On Mon, Apr 20, 2020 at 3:11 PM Johannes Weiner <hannes@xxxxxxxxxxx> wrote:
>
> The move_lock is a per-memcg lock, but the VM accounting code that
> needs to acquire it comes from the page and follows page->mem_cgroup
> under RCU protection. That means that the page becomes unlocked not
> when we drop the move_lock, but when we update page->mem_cgroup. And
> that assignment doesn't imply any memory ordering.
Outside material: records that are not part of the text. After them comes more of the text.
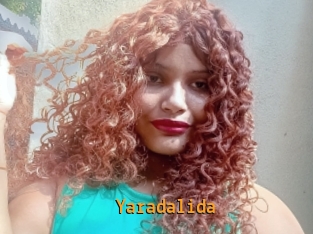 Yaradalida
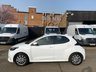 USED 2023 73 TOYOTA YARIS 1.5 VVT-H ICON HATCHBACK 5DR PETROL HYBRID E-CVT 115BHP. EURO 6. REVERSING CAM. LOW 39K MLS. FINANCE. PX. PETROL HYBRID. LOW 39K MLS. REVERSE CAM. FINANCE. PX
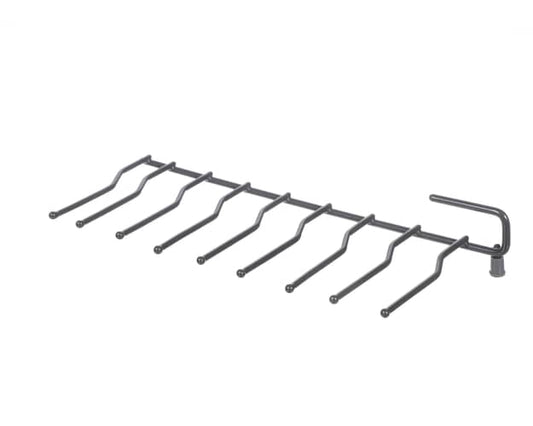 Beko Dishwasher Lower Basket Plate Holder Ball - 1767430101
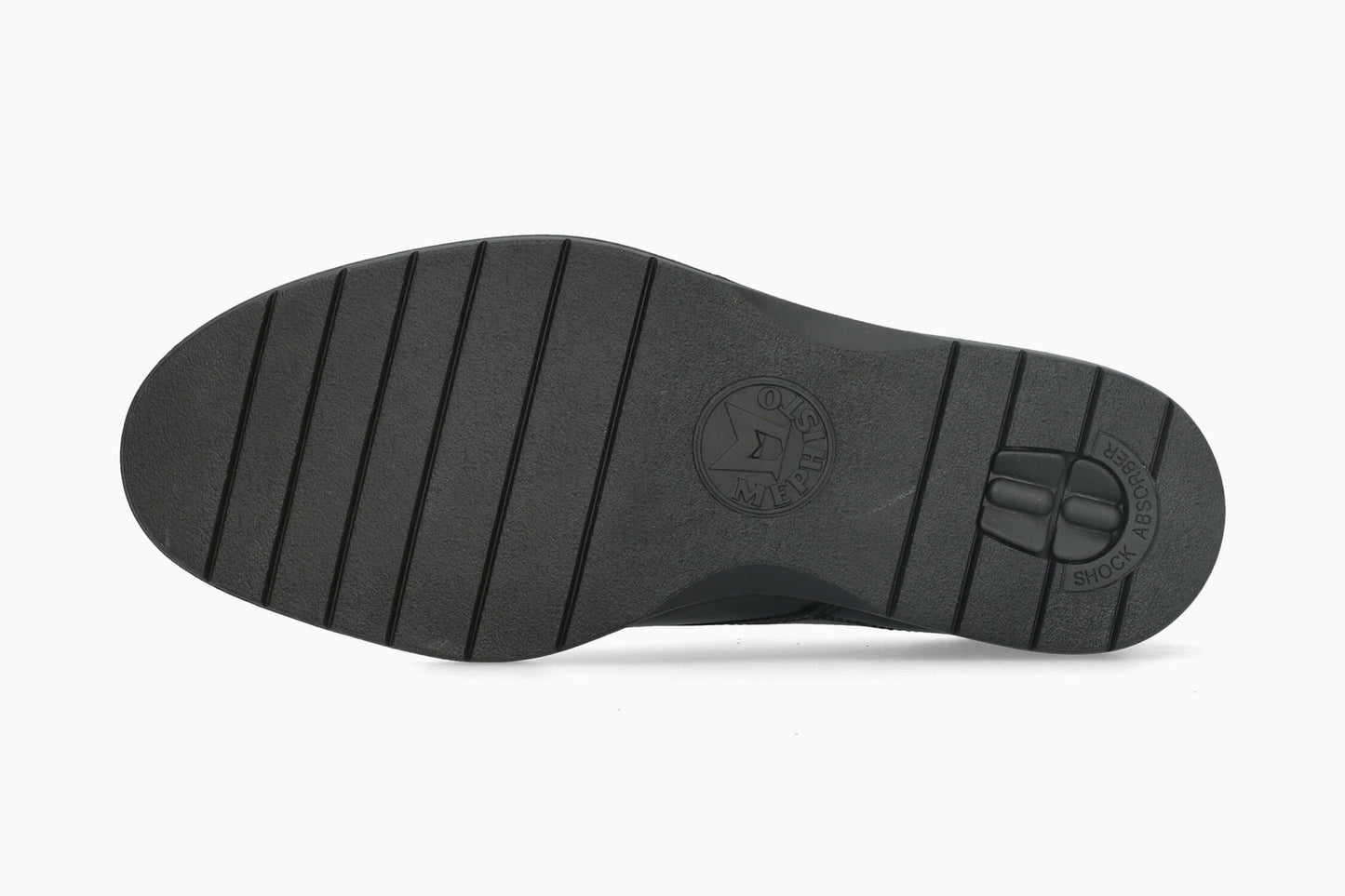 Filip - Black | M0DE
If that pointer
> write gets reordered against the reads of the page state -
> page_mapped, PageDirty etc. the state may change while we rely on it
> being stable and we can end up corrupting the counters.
>
> Place an SMP memory barrier to make sure we're done with all page
> state by the time the new page->mem_cgroup becomes visible.
>
> Also replace the open-coded move_lock with a lock_page_memcg() to make
> it more obvious what we're serializing against.
>
> Signed-off-by: Johannes Weiner <hannes@xxxxxxxxxxx>
> ---
> mm/memcontrol.c | 26 ++++++++++++++------------
> 1 file changed, 14 insertions(+), 12 deletions(-)
>
> diff --git a/mm/memcontrol.c b/mm/memcontrol.c
> index 5beea03dd58a..41f5ed79272e 100644
> --- a/mm/memcontrol.c
> +++ b/mm/memcontrol.c
> @@ -5372,7 +5372,6 @@ static int mem_cgroup_move_account(struct page *page,
> {
> struct lruvec *from_vec, *to_vec;
> struct pglist_data *pgdat;
> - unsigned long flags;
> unsigned int nr_pages = compound ? hpage_nr_pages(page) : 1;
> int ret;
> bool anon;
> @@ -5399,18 +5398,13 @@ static int mem_cgroup_move_account(struct page *page,
> from_vec = mem_cgroup_lruvec(from, pgdat);
> to_vec = mem_cgroup_lruvec(to, pgdat);
>
> - spin_lock_irqsave(&from->move_lock, flags);
> + lock_page_memcg(page);
>
> if (!anon && page_mapped(page)) {
> __mod_lruvec_state(from_vec, NR_FILE_MAPPED, -nr_pages);
> __mod_lruvec_state(to_vec, NR_FILE_MAPPED, nr_pages);
> }
>
> - /*
> - * move_lock grabbed above and caller set from->moving_account, so
> - * mod_memcg_page_state will serialize updates to PageDirty.
> - * So mapping should be stable for dirty pages.
> - */
> if (!anon && PageDirty(page)) {
> struct address_space *mapping = page_mapping(page);
>
> @@ -5426,15 +5420,23 @@ static int mem_cgroup_move_account(struct page *page,
> }
>
> /*
> + * All state has been migrated, let's switch to the new memcg.
> + *
> * It is safe to change page->mem_cgroup here because the page
> - * is referenced, charged, and isolated - we can't race with
> - * uncharging, charging, migration, or LRU putback.
> + * is referenced, charged, isolated, and locked: we can't race
> + * with (un)charging, migration, LRU putback, or anything else
> + * that would rely on a stable page->mem_cgroup.
> + *
> + * Note that lock_page_memcg is a memcg lock, not a page lock,
> + * to save space. As soon as we switch page->mem_cgroup to a
> + * new memcg that isn't locked, the above state can change
> + * concurrently again. Make sure we're truly done with it.
> */
> + smp_mb();

You said theoretical race in the subject but the above comment
convinced me that smp_mb() is required. So, why is the race still
theoretical?

>
> - /* caller should have done css_get */
> - page->mem_cgroup = to;
> + page->mem_cgroup = to; /* caller should have done css_get */
>
> - spin_unlock_irqrestore(&from->move_lock, flags);
> + __unlock_page_memcg(from);
>
> ret = 0;
>
> --
> 2.26.0
>